All romantic literature is subjective. It is an expression of the inner urges of the artist.  The poet does not care for rules and regulations. But he gives free expression to his emotion. Emphasis is laid on inspiration and institution rather than on the observance of set rules. The poet writes according to his own fancy. He is often guilty of wild excesses. Hence it has been criticized as irregular and wild. Wordsworth's poetry is top to bottom subjective. He expresses his own philosophy of nature and childhood in "Tintern Abbey", "Immortality Ode" and "Michael". In "Immortality Ode", he said that a child is a mighty prophet and philosopher. But Keats is objective in his famous odes, "Ode on a Grecian Urn", "Ode to Autumn "or " Ode to a Nightingale"

Romantic poetry is often pessimistic in tone. A romantic may revolt against the existing conditions. He may have a special love for the medieval world or the Middle Ages.    His fascination for the remote and distant is unmistakable in his poetry. He wants to be delighted with the color, pomp, and magic of the past. He would like to escape from the sordid realities of the present. He may try to escape into an imaginative world of his own creation. Often he escapes into the past. Keats is a glaring example of it. He is often charged with his escapism. He wants to avoid the harsh realities of the real world and would like to fly to the fanciful world of the nightingale. The din and bustle of towns and cities also irritate Wordsworth. So he wants to take shelter in the lap of nature.

Romanticism is a revolt against all artificiality. It stands for simplicity in theme and treatment. The romantics treat the common man and language for their purpose. They discard the poetic style of 18th-century poets, Dryden, Pope, and others. They do not accept Heroic Couplet as the weapon of their poetry. They use the Spenserian Stanza, ballad meter, and blank verse. They abundantly write lyrics, odes, and sonnets. They follow the style of Chaucer, Spenser, and Milton who suffer an eclipse during the 18th century. Soon they attain wide popularity. Thus Wordsworth raised his voice against the inane and artificial diction of the 18th-century classic. He advocated the use of the language of the common man for composing poetry. He expressed his poetic theory in "preface to the  Lyrical Ballads" which is regarded as the manifesto of Romanticism.

The year 1798 is momentous in the history of English poetry. Wordsworth and Coleridge published “Lyrical Ballad” to announce the beginning of new kind of poetry that is romantic poetry. Romantic poetry was new in theme and style therefore Wordsworth added a preface as an introduction explaining how romantic poetry was different from the popular 18th century poetry. Therefore we can say the Preface to Lyrical Ballad is a dividing line between 18th century poetry and 19“ century poetry. In other words, “Preface to Lyrical Ballad” ends one era and begins another era. The publication of “Lyrical Ballad” has a great effect in the trend or development of poetry. Great poets like Wordsworth, Coleridge, Byron, Keats accepted Wordsworth’s leadership m the movement. Therefore “Preface to Lyrical Ballad” is an epoch making document in the history of English poetry. 

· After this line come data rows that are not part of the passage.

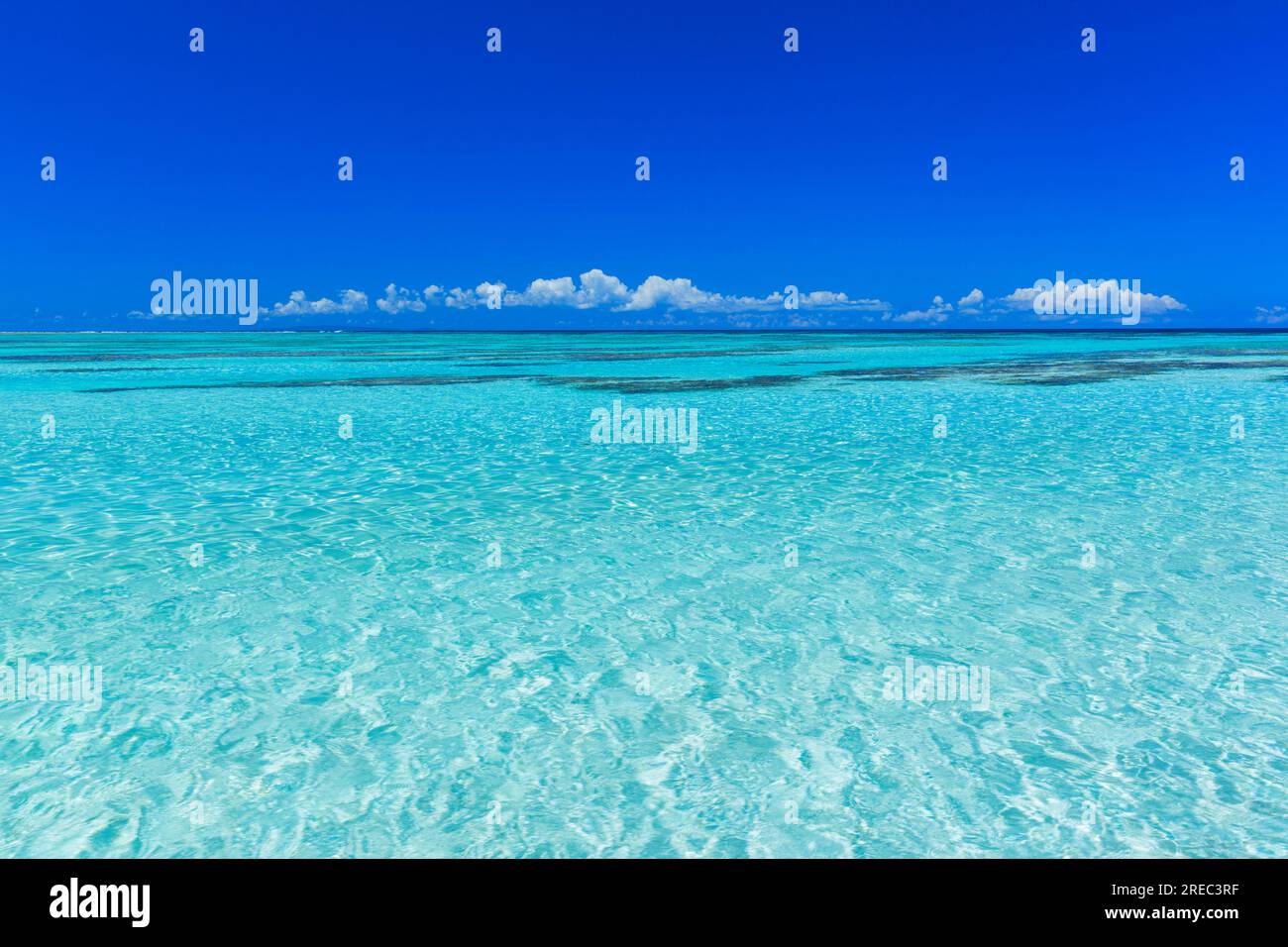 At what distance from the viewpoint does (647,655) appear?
20.4 ft

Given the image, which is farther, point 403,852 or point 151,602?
point 151,602

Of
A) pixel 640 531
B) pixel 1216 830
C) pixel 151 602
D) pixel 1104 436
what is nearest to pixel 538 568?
pixel 640 531

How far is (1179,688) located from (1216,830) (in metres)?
1.66

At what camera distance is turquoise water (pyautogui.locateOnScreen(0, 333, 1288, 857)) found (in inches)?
166

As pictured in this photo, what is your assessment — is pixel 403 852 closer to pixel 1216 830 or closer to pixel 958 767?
pixel 958 767

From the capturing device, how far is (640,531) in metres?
9.65

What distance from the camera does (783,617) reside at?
22.7 feet

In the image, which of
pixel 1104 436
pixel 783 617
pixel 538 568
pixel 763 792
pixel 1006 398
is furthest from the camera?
pixel 1006 398

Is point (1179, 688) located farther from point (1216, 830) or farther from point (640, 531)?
point (640, 531)

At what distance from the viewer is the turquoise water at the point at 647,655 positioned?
4.22m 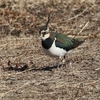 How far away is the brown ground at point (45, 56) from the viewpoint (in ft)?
22.0

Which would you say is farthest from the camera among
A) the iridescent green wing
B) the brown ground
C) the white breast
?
the iridescent green wing

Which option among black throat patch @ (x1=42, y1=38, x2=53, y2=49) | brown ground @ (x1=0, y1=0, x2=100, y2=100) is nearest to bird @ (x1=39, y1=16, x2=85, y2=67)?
black throat patch @ (x1=42, y1=38, x2=53, y2=49)

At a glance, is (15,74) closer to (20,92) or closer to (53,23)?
(20,92)

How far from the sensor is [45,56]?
27.8ft

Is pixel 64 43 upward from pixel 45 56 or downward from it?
upward

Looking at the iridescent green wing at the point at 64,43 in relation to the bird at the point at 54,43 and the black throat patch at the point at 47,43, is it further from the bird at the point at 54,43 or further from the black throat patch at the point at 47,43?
the black throat patch at the point at 47,43

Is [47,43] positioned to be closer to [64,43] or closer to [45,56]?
[64,43]

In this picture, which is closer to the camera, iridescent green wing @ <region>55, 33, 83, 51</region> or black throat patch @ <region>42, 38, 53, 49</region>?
black throat patch @ <region>42, 38, 53, 49</region>

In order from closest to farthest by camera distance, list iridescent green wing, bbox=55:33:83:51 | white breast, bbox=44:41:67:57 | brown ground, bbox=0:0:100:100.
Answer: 1. brown ground, bbox=0:0:100:100
2. white breast, bbox=44:41:67:57
3. iridescent green wing, bbox=55:33:83:51

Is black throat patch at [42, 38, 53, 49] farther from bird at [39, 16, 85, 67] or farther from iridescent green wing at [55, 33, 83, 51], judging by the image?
iridescent green wing at [55, 33, 83, 51]

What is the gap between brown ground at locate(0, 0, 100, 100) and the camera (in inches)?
263

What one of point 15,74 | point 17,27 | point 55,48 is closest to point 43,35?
point 55,48

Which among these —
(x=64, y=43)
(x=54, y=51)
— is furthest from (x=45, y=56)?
(x=54, y=51)

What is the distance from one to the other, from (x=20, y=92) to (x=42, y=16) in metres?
4.69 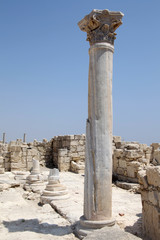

The romantic movement became an important movement in English poetry. It appeared as a reaction against 18th century poetry. 18th Century Poetry was scholarly. The 18th century poets used poetic diction. Their poetry was a criticism of life and society. On the other hand romantic poets choose incident and situation from common life and describe them in language used by common man. They presented ordinary things to be extraordinary throwing a colouring of imagination on them. In fact rural life, common man, common language has become the subject matter of romantic poetry. Romantic poets tried to avoid poetic diction, allusion, reference. In a sense, they tried to use simple language in a state of artificial poetic language. Therefore English romanticism appeared as a distinct movement in the history of English poetry. 

The important characteristic of English romantic poetry are the following


English romantic poets were highly imaginative. They described common phenomenon of nature throwing colouring  of imagination. As a result ordinary things appeared to be unusual.For example; the worlds of birds, flowers, leaves. 

Love for nature: 

Love for nature or natural object is another aspect of English romantic poetry. Nature, to the romantic poets, meant the world of trees, fruits, flowers. 

Love for beauty: 

Romantic poets glorified the beauty of natural object. Their description of beauty is sensuous. It appeals to the sense of the readers. 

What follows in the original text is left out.